Greenwood is “holy ground,” said the Rev. John Faison of Nashville, Tennessee, who preached at the service and is assistant to the bishop of social action for the Full Gospel Baptist Church Fellowship.

He said the centennial both honors the victims of the massacre and “celebrates the resilience and the resurgence of an amazing people of God.”

Similar commemorations took place at many houses of worship throughout Tulsa and across Oklahoma on Sunday, a day ahead of the official centennial dates. More civic activities are planned for Monday and Tuesday, including a candlelight vigil and a visit by President Joe Biden.

The commission that organized the centennial designated Sunday as Unity Faith Day and provided a suggested worship guide that each congregation could adapt, including scriptures, prayers and the singing of “Amazing Grace.”

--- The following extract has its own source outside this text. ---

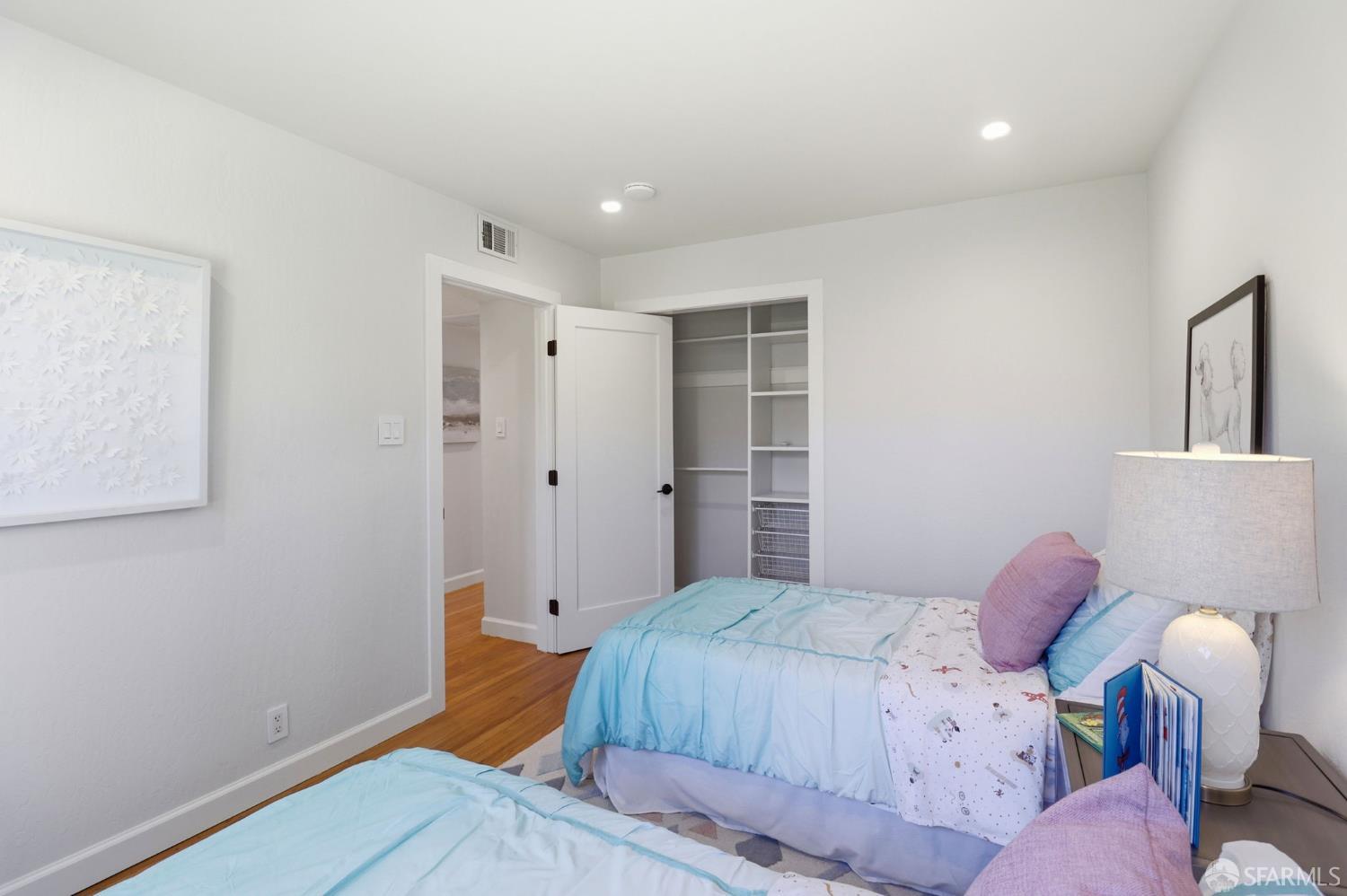 Detail Gallery Image 34 of 56 For 2117 Queens Ln, San Mateo,  CA 94402 - 4 Beds | 2 Baths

Particularly at historically Black churches, speakers emphasized a call for financial reparations — both for the few centenarian survivors of the massacre and for the wider, economically struggling North Tulsa area, where the city’s Black population is largely concentrated.

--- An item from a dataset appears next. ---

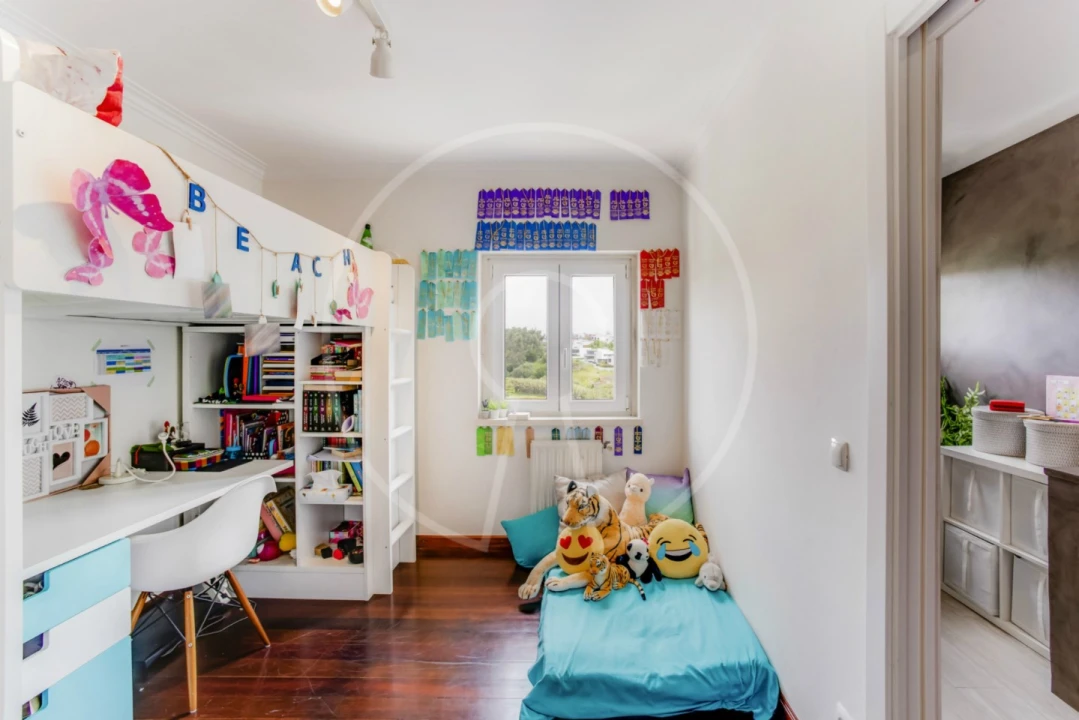 Moradia T5 para Arrendamento em Rio de Mouro Foto 23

“The main problem is that our nation is always trying to have reconciliation without doing justice,” Faison said. “Until repentance and repair are seen as inseparable, any attempt to reconcile will fail miserably.”

The Rev. Robert Turner, pastor of nearby Vernon African Methodist Episcopal Church, which also traces its roots to before the massacre, echoed that sentiment in an interview before his own church’s service.

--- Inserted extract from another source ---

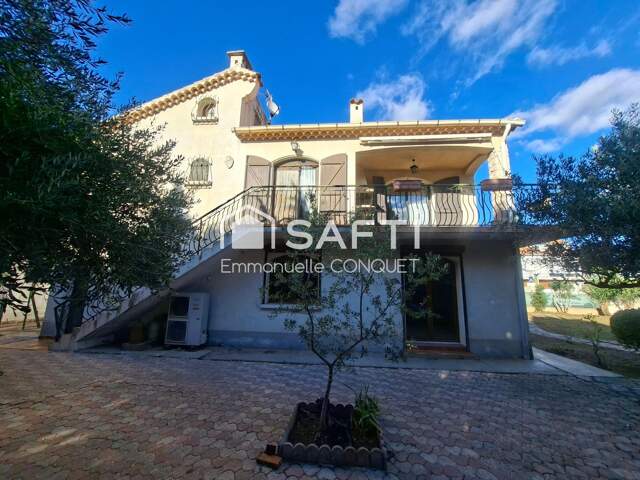 Maison 4 faces de 165 m² avec garage de 27 m² et annexes — photo du bien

“It’s not a tragedy that’s left in 1921. It’s a tragedy that continues to live each day that lacks justice,” said Turner, who protests weekly outside Tulsa City Hall, calling both for reparations and for a posthumous criminal investigation of the massacre’s perpetrators.

Some churches on Sunday recognized 13 still-active congregations that operated in Greenwood in 1921, including many that had to rebuild their destroyed sanctuaries. Lists of the 13, under the heading “Faith Still Standing,” are being distributed on posters and other merchandise.

“We don’t want it ever to happen again anywhere,” said the Rev. Donna Jackson, an organizer of the recognition.

Some historically white churches also observed the centennial.

Pastor Deron Spoo of First Baptist Church of Tulsa, a Southern Baptist church less than two miles from the similarly named North Tulsa church, told his congregation that the massacre has been “a scar” on the city.

The church has a prayer room with an exhibit on the massacre, accompanied by prayers against racism. It includes quotations from white pastors in 1921 who faulted the Black community rather than the white attackers for the devastation and declared racial inequality to be “divinely ordained.”

Spoo told congregants on Sunday: “While we don’t know what the pastor 100 years ago at First Baptist Tulsa said, I want to be very clear: Racism has no place in the life of a Jesus follower.”

Also recognizing the massacre was South Tulsa Baptist Church, a Southern Baptist congregation in a predominately white suburban part of Tulsa.

Pastor Eric Costanzo grew up in Tulsa but didn’t learn of the massacre until attending seminary out of state. When he later saw an exhibit on the massacre at the Greenwood Cultural Center, he recognized its enormity. He later got involved with centennial planning, arranging for presentations at the church about the massacre and visits by church members to Greenwood.

In an interview, he said he hoped that the "bridge we created between our communities” remains active after the centennial to confront “a lot of the hard topics our city and culture faces.”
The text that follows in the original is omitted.